Care for the Diabetic Foot

It’s no secret to farmers or agriculture workers that being on your feet outdoors all day can be tough. The potential for blisters and exposure to harsh weather conditions puts your feet at a very high risk. For people with diabetes, this risk is increased because of the potential for nerve damage and poor blood flow.

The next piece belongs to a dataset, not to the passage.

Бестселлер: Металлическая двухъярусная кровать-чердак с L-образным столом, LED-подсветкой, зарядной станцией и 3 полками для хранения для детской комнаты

The best way to keep from having an amputation is to protect the insensitive foot. Try to avoid trauma and excessive pressure on the soles of your feet when you walk.

What Can You Do?

  • Keep your feet dry and clean. Farm work often begins before sunrise, well before the dew has dried, and it doesn’t stop because it is “too wet outside.” Diabetic feet should be kept dry and clean. Carry a change of socks for sweaty feet. When washing, test the water temperature with your elbow or a thermometer to make sure it is not too hot. Warm water is best, between 90 and 100 ºF. Dry your feet carefully, especially between your toes.
  • Always wear proper footwear. Farmers cover a lot of ground during the day, from the house to the barn and the pasture, or checking field rows. Wear well-fitting shoes that protect your feet from injuries from the outside environment. The correct shoes should also eliminate areas of high pressure inside the shoe. This may mean you need to wear special shoes or boots and/or use special inserts inside the shoes to distribute pressure.
  • Keep your feet well maintained. Cut your toenails straight across. Your doctor can provide detailed instructions.
  • Inspect your feet every day to check for cuts, sores, blisters, redness, calluses, or other problems. This is extremely important to do on a daily basis if you have nerve damage or poor blood flow.
  • Keep the blood flowing to your feet. Take breaks when riding on the tractor for long periods of time. Wiggle your toes and move your ankles up and down for 5 minutes, two or three times a day. Don’t cross your legs for long periods of time. Don’t smoke.

Care for the Residual Limb

The physical demands on a farmer are increased if that person is working with a prosthesis. The residual limb is completely, or sometimes partially, encased in an airtight socket. This restricts air flow and sweat evaporation.

When your acidic, salty sweat dries, it forms tiny crystals like sandpaper on your skin. This is an irritant. If the skin is not cleaned, bacteria can grow and infect broken skin.

What Can You Do?

  • Wash the residual limb with a mild or antibacterial soap and rinse well at least once a day. Use water that is lukewarm or room temperature. Test the water with your elbow or a thermometer. It should be between 90 and 100 ºF.
  • Daily wash everything that comes in contact with your skin (for example, socks, nylon sheaths, silicone suctions, sockets, and gel inserts) with a mild or antibacterial soap and rinse well. Follow the manufacturer's instructions closely.
  • Alcohol-based products dry out the skin, causing cracking or peeling. Do not use these because they can create a potential site for infection.
  • Use softening creams only when your skin is at risk of cracking or peeling.
  • Use the thinnest dressing possible if you must cover an abrasion. An abrasion caused by pressure will get worse if you add a bulky dressing.
  • To eliminate pressure sores, see your prosthetist if you gain more than 5 pounds, and do not wear the prosthesis for extended periods of time without taking occasional breaks.